━━━ Dataset excerpt ━━━

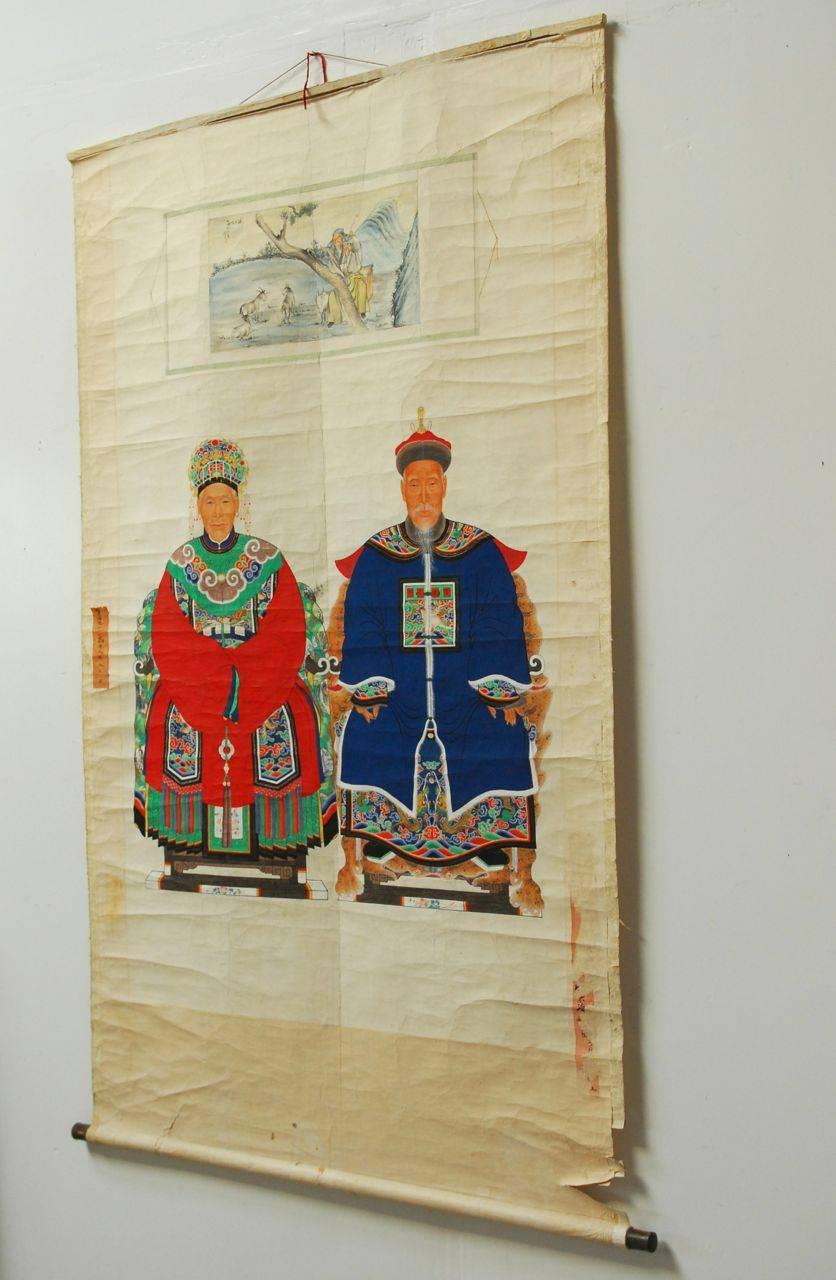 Magnificent Chinese scroll ancestor painting showing patriarch and matriarch of a high ranking status civil official. This unusual scroll depicts the dignitary couple seated below a painting of a scroll with a goat herder in a pastoral setting. The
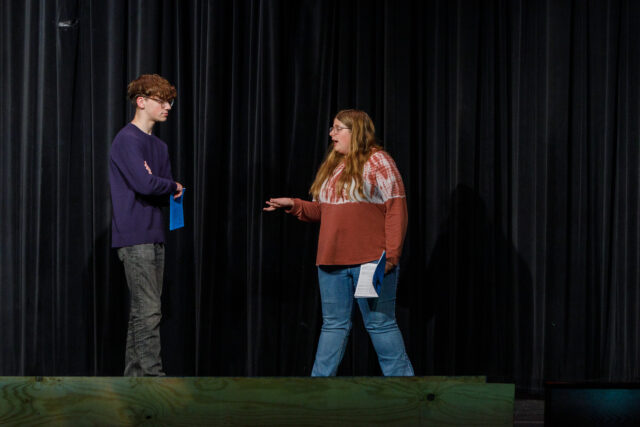 Caleb Canan and Emma Scherick rehearse a scene from Adventure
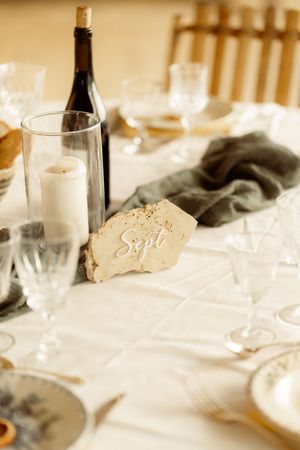 Elegant wedding reception table setting with wine glasses and candlelight on white tablecloth.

━━━

**Work request**: Output all the data above verbatim, leaving out images.

**Completed task**:
 Magnificent Chinese scroll ancestor painting showing patriarch and matriarch of a high ranking status civil official. This unusual scroll depicts the dignitary couple seated below a painting of a scroll with a goat herder in a pastoral setting. The
 Caleb Canan and Emma Scherick rehearse a scene from Adventure
 Elegant wedding reception table setting with wine glasses and candlelight on white tablecloth.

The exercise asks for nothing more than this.